Several limitations of this study should be noted. First, the study exclusively investigated synthetic fibers, which may limit applicability to natural fibers with differing structural properties. Although our dataset comprised only synthetic fibers, many natural fibers share similar weave or knit architectures, suggesting that the mechanical descriptors used in this study could be transferable with appropriate recalibration. Second, while participant sample size (n = 37) was larger than that of previous tactile studies, broader demographic diversity could further enhance model generalizability. Third, the standardized evaluation protocol (horizontal finger movement using only the distal phalanx) may not fully represent diverse tactile exploration behaviors typical in everyday material interactions. This limitation is important because haptic exploration varies in direction, normal force, speed, and ambient conditions, each of which can influence perceived roughness. Additionally, individual variations in tactile sensitivity were not explicitly modeled, potentially influencing perceptual assessments.

Future research could address these limitations by expanding the sample set to include natural fibers. In particular, the fabric set will be diversified by incorporating natural and nonuniform materials, such as silk and leather, to verify the model’s applicability and maintain predictive accuracy across different fabric types. Future experiments will incorporate multidirectional strokes, controlled normal force levels, and varied velocity profiles, along with simultaneous recording of force, velocity, and temperature to more accurately represent active tactile behavior. To enhance demographic diversity, we will recruit participants across different ages, occupations, and hand characteristics. We will also evaluate tactile sensitivity and skin condition, which may vary with demographic factors, and examine how these variables, combined with mechanical properties, shape tactile experience. Wei et al. provide convergent evidence that afferent tactile signals, including friction-related dynamics, are closely linked to efferent motor responses16. Although our study focuses on tactile perception, consistent with this perspective, the changes in contact mechanics driven by friction (notably KF measured during ongoing contact) and surface variability parameters (Ra, Rsm, and Rsk) in our data appear not only perceptually salient but also relevant for motor control.

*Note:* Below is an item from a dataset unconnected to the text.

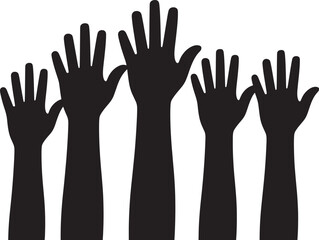 hand, hands, Rising hands silhouette, set of rising hand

Building on these findings, future research could explicitly integrate our perceptual features with motor responses to investigate how tactile experience influences grip stabilization and action strategies. Moreover, the proposed modeling framework could be expanded to encompass additional tactile attributes, such as softness, hardness, and thermal perception. It could also be adapted for applications involving wearable haptics, virtual materials, and human–robot interfaces. Our approach contributes toward the broader goal of developing generalizable tactile models applicable across diverse industries and material categories.